By Anthony Eaton, CTO, IDEX Biometrics
The digital payments revolution is being driven by consumer demand for ever increasing convenience. This is leading the global digital payments market towards a value of US$204.1 billion by 2028. However, along with increased convenience, comes an implicit expectation to provide higher levels of security, especially when paying with contactless cards and digital wallets.
According to McKinsey, electronic payments are growing at twice the rate of GDP in North America and Europe. This expanding market has the fintech sector overstretched as they try to address operational risks without hampering customer experience and face increased fraud control expectations. If fintechs struggle to implement effective controls, they are likely to see heightened regulation in the future, which in turn can negatively impact consumer experience.
Amid this burgeoning market, fraudsters are continually looking for new vectors of attack. UK Finance’s 2021 Fraud Report showed that fraud losses on UK issued cards totalled £574.2 [AC1] million in one year alone. To counteract such fraud, card issuers and digital wallet providers are deploying biometric fingerprint technology, which itself is evolving year-on-year to offer ever-increasing security levels.
The front-door attack
Fingerprint spoofing is considered a front-door attack on the biometric system. It involves applying a fake finger, or so-called spoof, to the fingerprint sensor. When biometrics were first introduced on the iPhone in 2014 they did not deploy adequate anti-spoof technology. As a result it took just 48 hours before German hackers, the Chaos Computer Club, announced they had bypassed Apple’s new TouchID system with a fake fingerprint.
Attacks of this kind impact both consumer and industry confidence. As such, defending against this has been at the forefront of the emerging biometric payment card standards. Korean technology giant Samsung recently announced its entry into the biometric smart card space, and anti-spoof technology was at the centre of its story. This positioning reflects the need for added security and peace of mind in fraud prevention.

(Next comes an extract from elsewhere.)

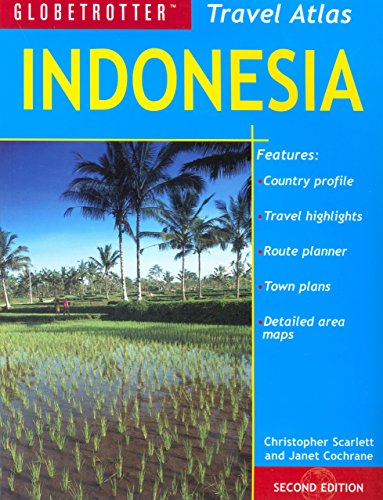 Indonesia (Globetrotter Travel Atlas) - Scarlett, Christopher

Anti-spoof: the heart of any biometric system
Anti-spoofing technology prevents fraudsters from defeating the fingerprint authentication process with false credentials. Today, it is used to increase security levels across a range of biometric systems, from smartphones to laptops and airport border control kiosks.
The biometric payment card has a compelling value proposition by bringing the biometric authentication process inside the secure enclave of the payment card’s Secure Element chip. The card’s off-grid nature ensures a much more limited surface of attack, compared with that of a highly connected smartphone. However, the challenges associated with implementing anti-spoof technology on this platform are not to be baulked at. The card has no battery and operates with limited on-board processing power. Without the luxury of the smartphone’s supercomputer-like processor a whole new wave of innovation has been needed.
As card issuers and digital wallet providers start to deploy fingerprint biometric payment cards to consumers, anti-spoofing technology must sit at the heart of their offering.
This can pave the way for a more secure future, from payment to digital and physical access, and to digital IDs and digital currencies.
Striking the balance between security and user experience
It’s clear that anti-spoofing technology must be included by default on biometric payment cards to reduce fraud and instil consumer confidence. But, despite the benefit of its added security it’s crucial to limit any potential impact on user experience. When paying for their shopping, consumers want to know that their card is safe, but more than that, they want to know their payment card will deliver a flawless user experience day-in, day-out.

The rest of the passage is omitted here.